*** Begin section ***
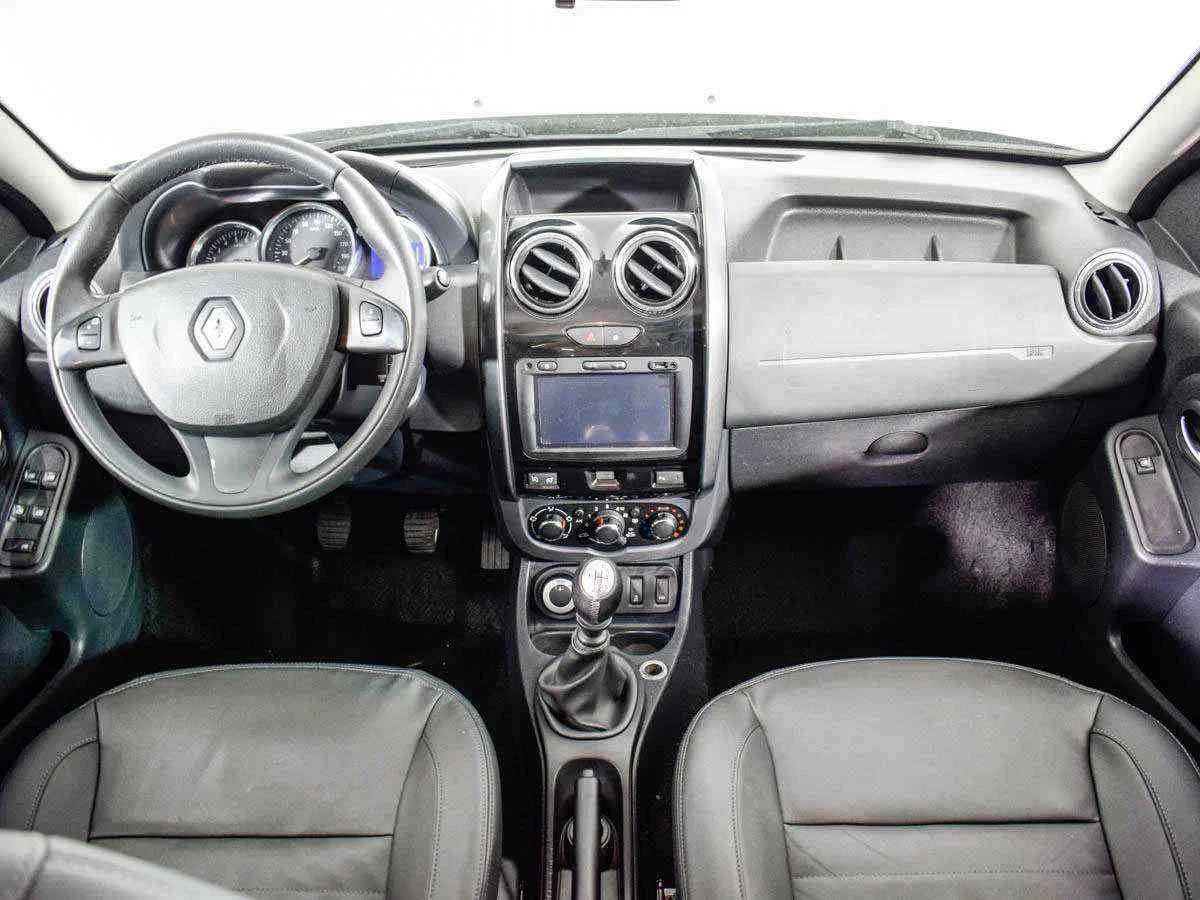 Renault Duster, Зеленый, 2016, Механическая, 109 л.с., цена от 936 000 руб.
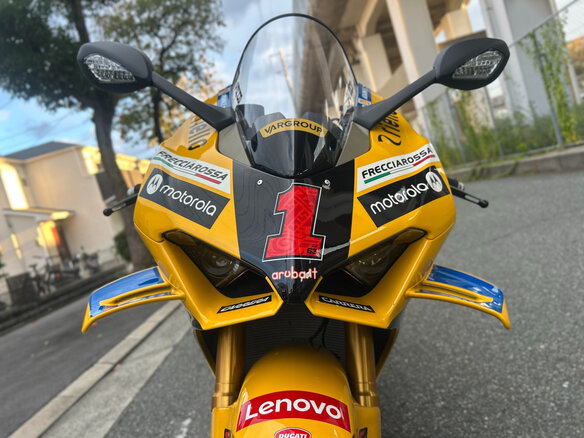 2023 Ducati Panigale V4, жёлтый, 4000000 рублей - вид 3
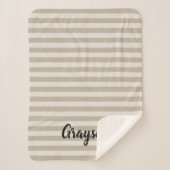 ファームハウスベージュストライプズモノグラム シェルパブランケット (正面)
*** End section ***
*** Begin section ***
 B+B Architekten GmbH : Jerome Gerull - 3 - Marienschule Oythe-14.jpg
*** End section ***
*** Begin section ***
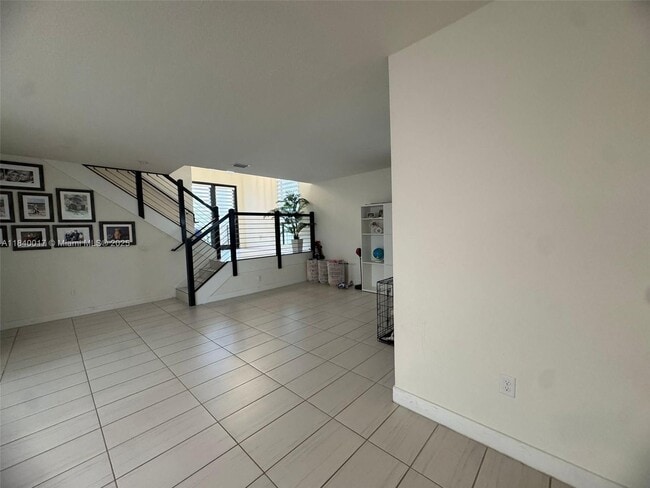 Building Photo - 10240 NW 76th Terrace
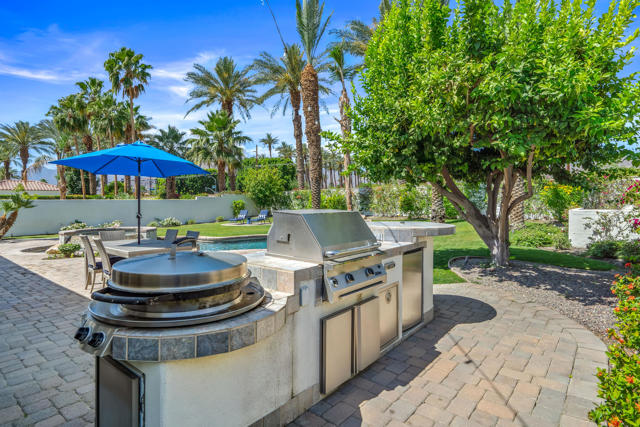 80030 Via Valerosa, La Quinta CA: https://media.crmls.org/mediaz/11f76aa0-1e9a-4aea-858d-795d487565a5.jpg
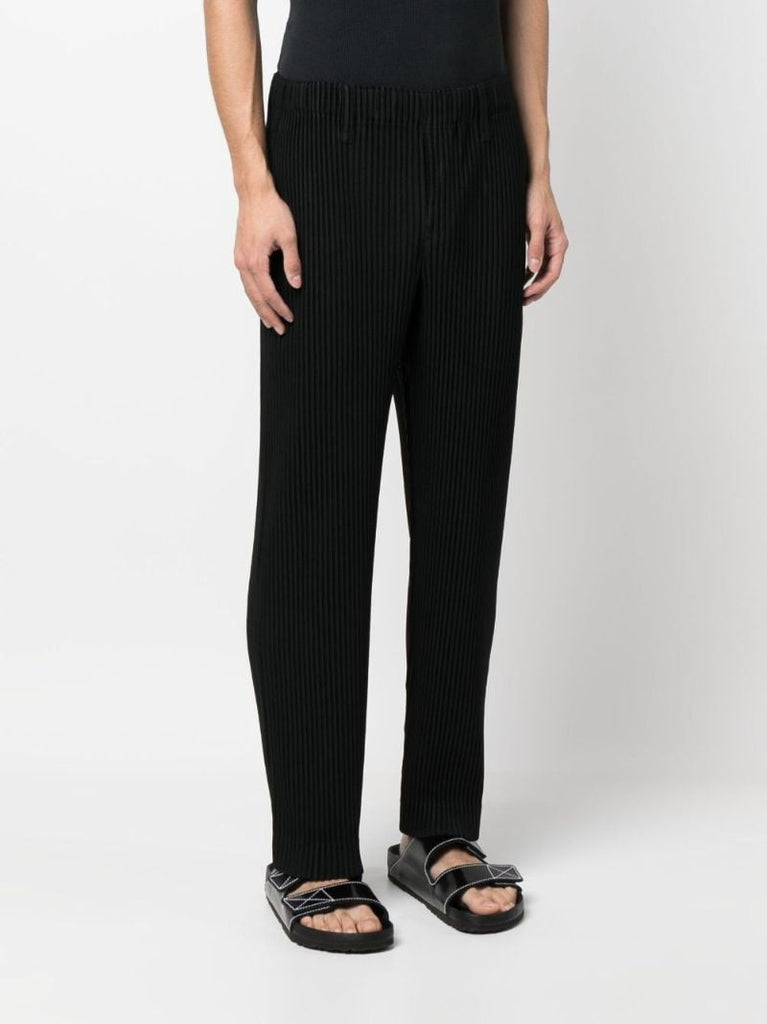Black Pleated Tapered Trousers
*** End section ***
◆ **Assignment**
Set the pictures aside and reproduce exactly the lines above, from the line holding "Renault Duster, Зеленый, 2016, Механическая, 109" through the line holding "ファームハウスベージュストライプズモノグラム シェルパブランケット (正面)", both included, with nothing else.

◆ **Written answer**
 Renault Duster, Зеленый, 2016, Механическая, 109 л.с., цена от 936 000 руб.
 2023 Ducati Panigale V4, жёлтый, 4000000 рублей - вид 3
 ファームハウスベージュストライプズモノグラム シェルパブランケット (正面)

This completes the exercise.